EXERCISE INSTRUCTIONS: Exactly reproduce the lines from the line that has "Treat yourself to" down to the last line of the entries, inclusive.

DATA EXTRACT:
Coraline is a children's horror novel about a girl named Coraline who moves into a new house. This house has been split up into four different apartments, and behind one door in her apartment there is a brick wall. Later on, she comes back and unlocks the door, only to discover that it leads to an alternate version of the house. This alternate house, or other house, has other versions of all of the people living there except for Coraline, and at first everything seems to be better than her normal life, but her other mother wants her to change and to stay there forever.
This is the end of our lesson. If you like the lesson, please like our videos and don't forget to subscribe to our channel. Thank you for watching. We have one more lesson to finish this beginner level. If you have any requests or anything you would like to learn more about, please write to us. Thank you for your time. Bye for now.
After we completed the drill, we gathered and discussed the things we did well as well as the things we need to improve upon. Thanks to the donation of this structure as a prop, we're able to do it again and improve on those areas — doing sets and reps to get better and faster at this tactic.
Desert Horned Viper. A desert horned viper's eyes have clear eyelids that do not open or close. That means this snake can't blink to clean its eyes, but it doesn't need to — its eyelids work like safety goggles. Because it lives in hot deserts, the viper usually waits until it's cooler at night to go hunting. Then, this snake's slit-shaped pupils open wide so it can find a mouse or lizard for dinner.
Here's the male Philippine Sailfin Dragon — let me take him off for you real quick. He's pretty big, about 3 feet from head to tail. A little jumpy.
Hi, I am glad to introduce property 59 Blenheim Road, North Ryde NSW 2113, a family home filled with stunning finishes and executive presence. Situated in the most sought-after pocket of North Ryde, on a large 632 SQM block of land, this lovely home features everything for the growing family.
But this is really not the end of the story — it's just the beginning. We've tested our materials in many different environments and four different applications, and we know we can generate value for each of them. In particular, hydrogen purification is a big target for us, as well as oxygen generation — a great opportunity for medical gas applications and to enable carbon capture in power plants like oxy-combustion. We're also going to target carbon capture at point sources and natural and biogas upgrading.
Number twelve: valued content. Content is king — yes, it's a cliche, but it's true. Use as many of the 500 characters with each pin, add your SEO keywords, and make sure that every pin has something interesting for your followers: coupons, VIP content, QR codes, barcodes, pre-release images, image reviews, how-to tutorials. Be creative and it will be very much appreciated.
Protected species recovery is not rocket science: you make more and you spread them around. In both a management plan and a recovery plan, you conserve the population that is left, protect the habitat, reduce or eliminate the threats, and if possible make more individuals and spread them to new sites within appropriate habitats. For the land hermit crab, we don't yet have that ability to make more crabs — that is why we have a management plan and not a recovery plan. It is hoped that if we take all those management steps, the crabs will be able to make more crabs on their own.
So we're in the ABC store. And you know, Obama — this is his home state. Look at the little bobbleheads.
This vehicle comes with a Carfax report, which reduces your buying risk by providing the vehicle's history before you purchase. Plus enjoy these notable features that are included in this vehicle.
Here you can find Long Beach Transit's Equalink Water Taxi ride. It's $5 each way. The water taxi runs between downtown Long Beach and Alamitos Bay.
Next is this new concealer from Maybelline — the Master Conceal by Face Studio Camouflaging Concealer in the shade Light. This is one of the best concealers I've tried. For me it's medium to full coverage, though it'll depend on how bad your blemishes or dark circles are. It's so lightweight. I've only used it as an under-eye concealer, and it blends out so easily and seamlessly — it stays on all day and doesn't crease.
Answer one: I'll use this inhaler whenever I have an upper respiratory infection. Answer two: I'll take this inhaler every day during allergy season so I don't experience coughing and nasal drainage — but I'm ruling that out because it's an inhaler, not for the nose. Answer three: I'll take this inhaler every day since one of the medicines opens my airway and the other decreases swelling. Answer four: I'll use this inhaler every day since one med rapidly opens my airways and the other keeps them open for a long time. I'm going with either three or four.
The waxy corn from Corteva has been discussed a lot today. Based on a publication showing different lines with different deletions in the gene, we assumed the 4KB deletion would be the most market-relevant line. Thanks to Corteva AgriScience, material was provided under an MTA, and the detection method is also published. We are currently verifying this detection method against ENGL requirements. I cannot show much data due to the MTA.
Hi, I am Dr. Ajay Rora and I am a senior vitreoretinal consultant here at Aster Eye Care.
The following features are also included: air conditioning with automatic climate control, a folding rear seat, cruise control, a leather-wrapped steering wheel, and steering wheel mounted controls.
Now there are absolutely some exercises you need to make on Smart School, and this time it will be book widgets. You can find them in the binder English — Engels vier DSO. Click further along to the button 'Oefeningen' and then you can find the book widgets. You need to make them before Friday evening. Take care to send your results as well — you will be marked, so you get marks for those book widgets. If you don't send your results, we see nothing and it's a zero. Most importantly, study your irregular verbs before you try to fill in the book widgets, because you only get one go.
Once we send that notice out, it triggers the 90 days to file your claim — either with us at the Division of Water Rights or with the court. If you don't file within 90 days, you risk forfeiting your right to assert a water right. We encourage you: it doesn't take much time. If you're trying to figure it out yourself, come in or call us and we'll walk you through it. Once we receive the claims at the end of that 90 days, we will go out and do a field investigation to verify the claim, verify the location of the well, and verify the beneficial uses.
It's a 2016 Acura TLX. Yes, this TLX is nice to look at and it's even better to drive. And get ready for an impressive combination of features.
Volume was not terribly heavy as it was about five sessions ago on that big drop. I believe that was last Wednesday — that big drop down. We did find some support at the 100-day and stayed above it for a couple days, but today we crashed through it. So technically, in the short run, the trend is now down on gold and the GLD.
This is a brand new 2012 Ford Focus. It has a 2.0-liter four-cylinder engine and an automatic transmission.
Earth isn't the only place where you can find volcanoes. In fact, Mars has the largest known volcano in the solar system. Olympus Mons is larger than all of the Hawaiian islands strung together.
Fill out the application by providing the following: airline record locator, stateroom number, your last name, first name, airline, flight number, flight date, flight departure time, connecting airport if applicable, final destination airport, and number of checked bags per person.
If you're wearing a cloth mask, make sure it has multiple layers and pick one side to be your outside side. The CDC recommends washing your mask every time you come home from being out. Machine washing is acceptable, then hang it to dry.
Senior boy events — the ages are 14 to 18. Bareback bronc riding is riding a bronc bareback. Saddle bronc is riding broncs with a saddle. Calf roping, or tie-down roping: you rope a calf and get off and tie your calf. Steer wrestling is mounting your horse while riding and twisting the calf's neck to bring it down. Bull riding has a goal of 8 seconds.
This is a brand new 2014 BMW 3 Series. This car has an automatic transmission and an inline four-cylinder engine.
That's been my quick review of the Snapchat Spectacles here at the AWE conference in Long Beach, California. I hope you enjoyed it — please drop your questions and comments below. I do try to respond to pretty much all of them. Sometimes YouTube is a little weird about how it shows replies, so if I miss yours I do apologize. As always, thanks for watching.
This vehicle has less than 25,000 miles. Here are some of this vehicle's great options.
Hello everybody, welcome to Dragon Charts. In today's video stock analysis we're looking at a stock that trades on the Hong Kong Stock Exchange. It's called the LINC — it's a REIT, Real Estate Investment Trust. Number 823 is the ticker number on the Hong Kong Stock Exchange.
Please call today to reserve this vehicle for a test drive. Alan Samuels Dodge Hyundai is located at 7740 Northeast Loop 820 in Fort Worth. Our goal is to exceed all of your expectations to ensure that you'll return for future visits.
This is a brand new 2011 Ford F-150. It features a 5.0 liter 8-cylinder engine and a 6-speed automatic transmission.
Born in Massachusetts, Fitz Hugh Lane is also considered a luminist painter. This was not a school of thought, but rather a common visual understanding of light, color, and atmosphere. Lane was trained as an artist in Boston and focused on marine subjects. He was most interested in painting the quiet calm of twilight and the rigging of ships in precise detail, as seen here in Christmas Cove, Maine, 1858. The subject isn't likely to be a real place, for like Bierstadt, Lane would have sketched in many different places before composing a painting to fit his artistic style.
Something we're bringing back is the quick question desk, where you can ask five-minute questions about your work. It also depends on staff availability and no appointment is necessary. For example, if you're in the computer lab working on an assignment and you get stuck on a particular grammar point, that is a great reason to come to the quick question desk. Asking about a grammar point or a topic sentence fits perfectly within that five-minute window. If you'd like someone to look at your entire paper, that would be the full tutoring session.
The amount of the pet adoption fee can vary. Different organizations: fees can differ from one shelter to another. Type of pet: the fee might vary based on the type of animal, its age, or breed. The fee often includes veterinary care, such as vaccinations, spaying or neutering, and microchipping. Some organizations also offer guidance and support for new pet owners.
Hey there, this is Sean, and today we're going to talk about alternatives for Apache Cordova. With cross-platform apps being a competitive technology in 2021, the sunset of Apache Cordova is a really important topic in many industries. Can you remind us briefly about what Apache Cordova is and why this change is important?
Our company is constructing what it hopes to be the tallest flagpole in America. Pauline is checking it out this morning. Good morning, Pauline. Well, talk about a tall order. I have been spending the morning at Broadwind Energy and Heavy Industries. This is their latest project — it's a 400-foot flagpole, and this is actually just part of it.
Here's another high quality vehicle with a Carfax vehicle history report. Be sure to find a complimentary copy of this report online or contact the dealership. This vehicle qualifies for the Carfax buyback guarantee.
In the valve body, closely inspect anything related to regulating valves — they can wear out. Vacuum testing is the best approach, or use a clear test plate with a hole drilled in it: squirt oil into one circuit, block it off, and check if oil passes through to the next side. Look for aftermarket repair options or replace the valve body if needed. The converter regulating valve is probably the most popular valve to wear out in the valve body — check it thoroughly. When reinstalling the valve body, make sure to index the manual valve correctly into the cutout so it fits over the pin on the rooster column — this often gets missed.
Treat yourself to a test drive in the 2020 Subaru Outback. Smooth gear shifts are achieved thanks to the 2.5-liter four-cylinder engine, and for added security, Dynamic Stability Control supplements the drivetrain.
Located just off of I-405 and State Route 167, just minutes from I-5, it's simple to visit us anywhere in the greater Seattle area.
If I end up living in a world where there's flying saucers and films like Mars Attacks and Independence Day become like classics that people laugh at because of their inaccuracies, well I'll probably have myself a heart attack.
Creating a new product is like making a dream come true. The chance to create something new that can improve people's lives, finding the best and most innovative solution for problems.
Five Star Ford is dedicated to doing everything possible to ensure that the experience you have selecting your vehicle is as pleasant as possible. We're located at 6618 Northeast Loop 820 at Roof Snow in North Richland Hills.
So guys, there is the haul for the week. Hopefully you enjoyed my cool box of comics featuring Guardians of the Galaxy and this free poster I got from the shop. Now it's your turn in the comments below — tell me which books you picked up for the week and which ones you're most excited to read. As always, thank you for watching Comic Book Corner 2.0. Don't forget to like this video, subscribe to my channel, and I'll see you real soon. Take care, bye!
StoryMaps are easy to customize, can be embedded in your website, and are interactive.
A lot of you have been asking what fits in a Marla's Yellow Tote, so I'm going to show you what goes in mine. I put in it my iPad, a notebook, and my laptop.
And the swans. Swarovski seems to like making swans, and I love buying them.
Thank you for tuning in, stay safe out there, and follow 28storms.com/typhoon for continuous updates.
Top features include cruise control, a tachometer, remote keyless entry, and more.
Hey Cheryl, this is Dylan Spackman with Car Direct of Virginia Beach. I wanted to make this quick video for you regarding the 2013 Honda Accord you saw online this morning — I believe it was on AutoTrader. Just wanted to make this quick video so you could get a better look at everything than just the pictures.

TASK OUTPUT:
Treat yourself to a test drive in the 2020 Subaru Outback. Smooth gear shifts are achieved thanks to the 2.5-liter four-cylinder engine, and for added security, Dynamic Stability Control supplements the drivetrain.
Located just off of I-405 and State Route 167, just minutes from I-5, it's simple to visit us anywhere in the greater Seattle area.
If I end up living in a world where there's flying saucers and films like Mars Attacks and Independence Day become like classics that people laugh at because of their inaccuracies, well I'll probably have myself a heart attack.
Creating a new product is like making a dream come true. The chance to create something new that can improve people's lives, finding the best and most innovative solution for problems.
Five Star Ford is dedicated to doing everything possible to ensure that the experience you have selecting your vehicle is as pleasant as possible. We're located at 6618 Northeast Loop 820 at Roof Snow in North Richland Hills.
So guys, there is the haul for the week. Hopefully you enjoyed my cool box of comics featuring Guardians of the Galaxy and this free poster I got from the shop. Now it's your turn in the comments below — tell me which books you picked up for the week and which ones you're most excited to read. As always, thank you for watching Comic Book Corner 2.0. Don't forget to like this video, subscribe to my channel, and I'll see you real soon. Take care, bye!
StoryMaps are easy to customize, can be embedded in your website, and are interactive.
A lot of you have been asking what fits in a Marla's Yellow Tote, so I'm going to show you what goes in mine. I put in it my iPad, a notebook, and my laptop.
And the swans. Swarovski seems to like making swans, and I love buying them.
Thank you for tuning in, stay safe out there, and follow 28storms.com/typhoon for continuous updates.
Top features include cruise control, a tachometer, remote keyless entry, and more.
Hey Cheryl, this is Dylan Spackman with Car Direct of Virginia Beach. I wanted to make this quick video for you regarding the 2013 Honda Accord you saw online this morning — I believe it was on AutoTrader. Just wanted to make this quick video so you could get a better look at everything than just the pictures.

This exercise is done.